Max sweet love, Mario Corvini NTJO, Auditorium PdM Roma 6.5.2017

Max sweet love: Mario Corvini New Talent Jazz Orchestra, Auditorium Parco della Musica, 6 maggio 2017. Con Maurizio Urbani, letture Paola Musa.                                                                              

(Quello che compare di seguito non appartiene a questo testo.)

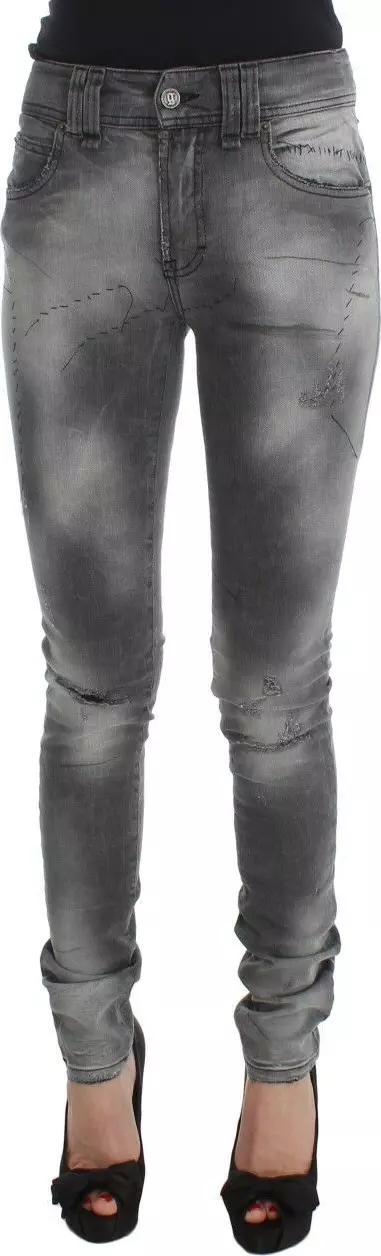 Gray Wash Cotton Blend Slim Fit Denim Jeans Pants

Be bop, roba americana, musica nera 

“Con due note ti sdraiava”, così il direttore della New Talent Jazz Orchestra, Mario Corvini, ha sintetizzato la forza, il timbro, l’intensità, l’originalità, il lirismo del sax contralto di Massimo Urbani, “il talento dei talenti” morto per overdose nel 1994.

 

Max viene ricordato in un concerto di giovani solisti intercalato qua e là dalla lettura di alcuni passi del libro di Paola Musa (“Go Max Go”, Arkadia, 2016) che in forma romanzata narra la vita estrema del musicista romano: dal momento in cui scoprì su “Musica jazz” l’esistenza di un certo Charlie Parker e se ne innamorò a quello in cui, appena tredicenne, si infilò nelle prove del vibrafonista Spoto, e venne subito notato per il suo fraseggio “inaudito”, da quella volta in cui Enrico Rava lo portò a 17 anni in America agli incontri romani con Chet Baker, dall’amicizia fraterna con Enrico Pieranunzi, cui si rivolgeva nei momenti di disperazione, a quella notte in cui svegliò il fratello Maurizio nella irresistibile ma vana ricerca di trovare un club aperto per improvvisare una session, dal clima avvincente e libertario della musica degli anni Settanta al conformismo e alla sete di successo degli Ottanta cui Massimo si sentì subito estraneo, tanto quanto si era sentito dentro lo spirito del decennio precedente.

E poi la musica di Urbani, “l’inquietudine sotto il controllo della forma”,  i suoi dischi, i suoi pezzi, i suoi struggenti, e talvolta onirici, arrangiamenti, il tutto recuperato e talvolta riarrangiato dai giovani talenti cui per l’occasione si sono aggiunti tre solisti: il fratello di Massimo, il sax tenore e soprano Maurizio Urbani, il giovanissimo pianista Vittorio Solimene e l’eccellente sax contralto napoletano Luigi di Nunzio.

Tra standard da brivido (Lover man, Body and soul, Recordame) e  brani di Massimo (Incuentro, Invitation, Jorgelina), tra qualche sprazzo di nostalgia e il futuro del jazz italiano incarnato da giovanissimi che già rivelano ottime potenzialità (chissà se tra loro si nasconde un nuovo Massimo o almeno qualcuno che gli si avvicini), la sensazione è che Massimo Urbani abbia lasciato nella musica italiana, in chi lo ha conosciuto, ascoltato e in chi, ancora - e sono in tanti - continua ad ascoltarlo, un ricordo veramente sincero e immenso, e bene hanno fatto e fanno generazioni di musicisti a omaggiarlo periodicamente, nonostante non manchino su Youtube delle sue toccanti interpretazioni tra cui quella della fabbrica abbandonata dove, sullo sfondo di una Roma desolata e accecante, suona dolente “Estate” di Bruno Martino.  

Ero ancora molto giovane quando capitai, forse per caso, nel club di un piccolo paese di provincia (Tricase, Lecce):  si chiamava “Starry night”, mi sembra.  Allo Starry avevo conosciuto la mia prima fidanzata ed è forse per nostalgia che quella sera ci ero tornato con un amico. Qui, a pochi metri da casa mia, suonava un certo Massimo Urbani, uno che di nostalgie se ne intendeva. Non sapevo nulla di lui, all’epoca. A saperlo che era il più grande di tutti avrei portato una macchina fotografica, girato un video (e oggi lo avrei messo anch’io su Youtube), mi sarei fatto fare un autografo, scambiato due parole. Ma forse quella sera servì solo per farmi appassionare al jazz, anzi al Be Bop, “roba americana, musica nera”, come rispose l’edicolante romano a Massimo quando gli chiese cosa suonava questo Charlie Parker prima di comprare “Musica jazz”. Da lì, da quella richiesta curiosa e innocente di un ragazzino, sarebbe partita questa storia tragica e bella.